Der Tierarzt verliert jedes Spiel, der Hund und ich reichen Wasser und Handtuch und ich hüpfe auf und ab, wann immer der Tierarzt auf den Ball haut und der Hund kläfft wann immer der Ball übers Netz geht. Das letzte Match ist gegen den Mann der Spielerfrauenvorsitzenden. Der Mann ist eine Maschine und wiegt vielleicht das Achtfache des Tierarzts und sein Schläger knallt gegen den Ball wie eine Kanonenkugel und der Ball saust pfeilschnell über den Platz: Der Tierarzt aber ist sehr zäh und die Spielerfrauenvorsitzende schreit ihrem Mann im Kommandoton taktische Ratschläge zu. Ich hüpfe lieber und der Hund versucht einen Schmetterling zu haschen. Irgendwann ist das Spiel zu Ende. Der Hund jagt begeistert einen Tennisball, ich umarme den Tierarzt, wir sammeln seinen Kramuri in die Reisetasche und mit Kuchen beladen sitzen wir unter einem Baum neben dem Tennisplatzdrahtkäfig.

Bist Du traurig, Tierarzt wegen der verlorenen Spiele?“, frage ich.

„Einen Fingerhut traurig vielleicht, sagt der Tierarzt, aber nicht wirklich, nein, wer kann schon traurig sein, wenn ein Mädchen hüpft wie ein pinker Floh?“

„Ha, sage ich Tierarzt, wenn Hüpfen olympisch wäre.“ Der Tierarzt lacht und ich zeige auf den Tennisplatz. Dort liegt der Mann der Spielerfrauenvorsitzenden, schwer atmend wälzt er such auf dem roten Boden, während seine Frau ihn mit einem Wasserschlauch duscht. „Er liegt und Du stehst“, sage ich zum Tierarzt und der Tierarzt lacht und lacht, der Hund bellt und ich esse ein sehr gutes, sehr großes Stück Schokoladenkuchen.

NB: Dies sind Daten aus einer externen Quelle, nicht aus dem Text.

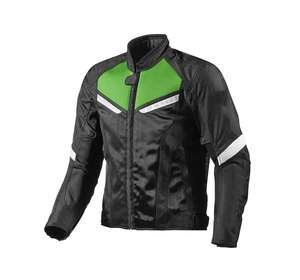 Résistance aux chutes d'équitation Blindé Moto Racing Motor Textile Réfléchissant Imperméable Équitation Moto Cuir Racing Softshell Veste - Product Image 4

19 Gedanken zu “Spielerfrau

      • Deshalb bin ich froh, dass die Herren Söhne kein Fußball mehr spielen. Beim Kutsche fahren ist alles tausendmal entspannter – auch die Eltern der Teilnehmer, besonders die.
        Liebe Grüße aus der Altmark, Dörthe

      • vermutlich hat ihn der Mann der Spielerfrauenvorsitzenden aufgegessen. Das kam so: sie hat ihn heimlich verschwinden lassen, weil das pinkfarbene Fräulein sich nicht an die Regeln und Listen halten wollte. Als der Vorsitzende ihre Überlebensdusche überstanden hatte, hat er sich sogleich über den versteckten Pflaumenkuchen her gemacht. Da jener mit soviel Liebe gebacken war, wurde dem Tennisvorsitzenden ganz anders und er entschwand auf weißen Socken mit der Spielerfrauenvorsitzenden in die Büsche….
        oder so ähnlich…
        …. na…. vermutlich haben ihn die Zuschauer der Spielerfrauenvorsitzenden unabhängig von Listen, aus den Fingern gerissen und seufzend verspeist.

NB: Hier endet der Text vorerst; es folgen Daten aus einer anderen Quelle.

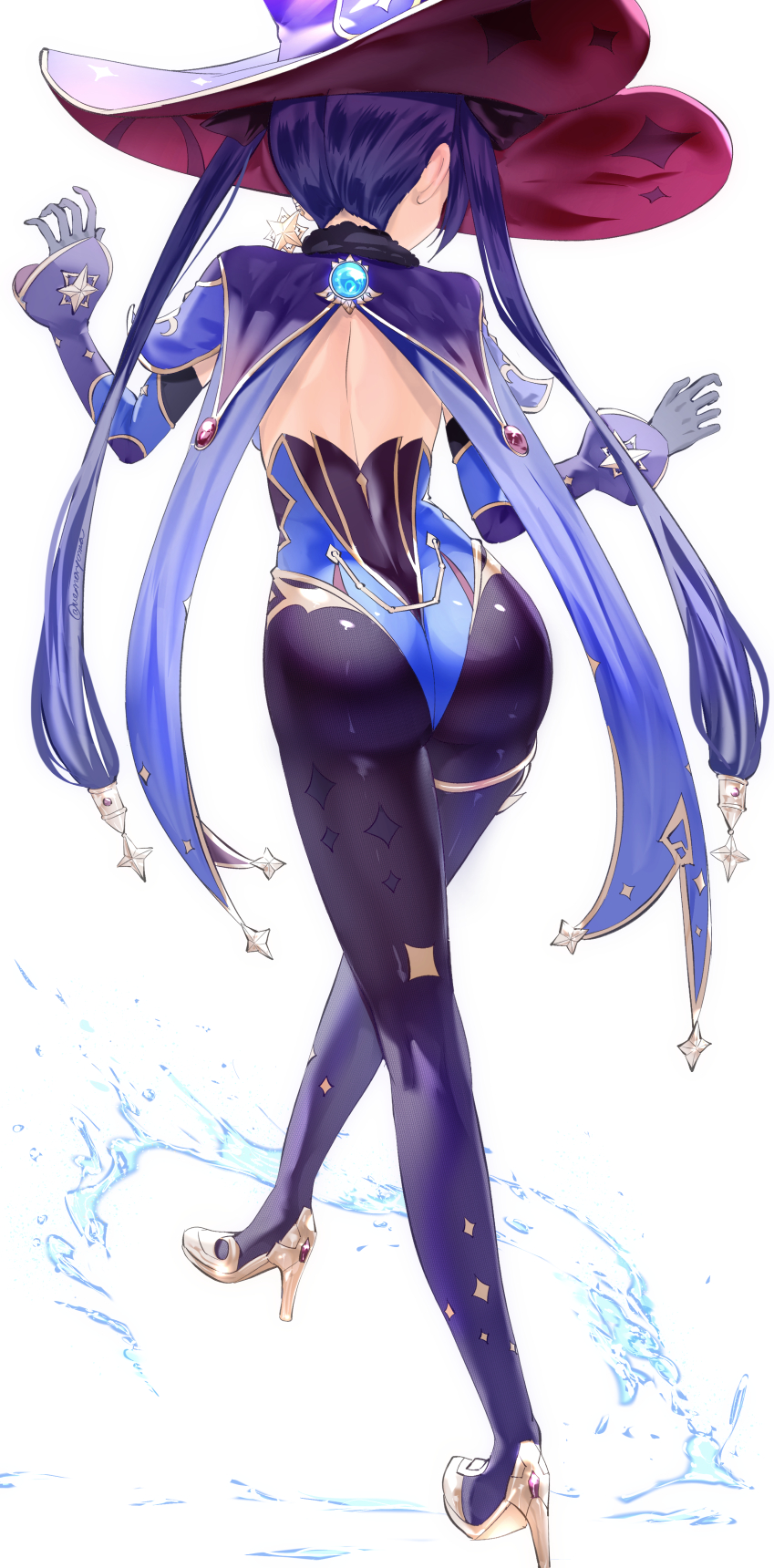 Mona (Genshin Impact) Rule 34 Image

  1. Köstlich die Schilderung des Spiels: Leichtgewicht gegen Ballmaschine. 🎾
    In jeglicher Hinsicht haben das Fräulein und der Tierarzt dieses Turnier gemeistert.
    Chapeau 🙂

  2. Ich mag Tennis, auch wenn ich darin wirklich nicht gut bin. Aber das große Gehabe um Spiele und Turniere verstehe ich wirklich nicht, denn Sport ist irgendwie etwas für die, die ihn machen. 🙂 Obwohl das vielleicht nicht die beste Erfahrung war, hoffe ich, dass der Tierarzt dran bleibt. Sport ist gut fürs Befinden, solange man es nicht übertreibt. 😉

    • Es ist auch so schade, dass all das mit so bitterem Ernst betrieben wird. Die Freude an der Bewegung ist doch was zählt. Erstaunlicherweise spielte keiner der Frauen Tennis, obwohl sich doch alles um den Sport drehte, ich stelle mir das ja unglaublich langweilig vor jedes Wochenende nur zum Zusehen über die Dörfer zu tingeln.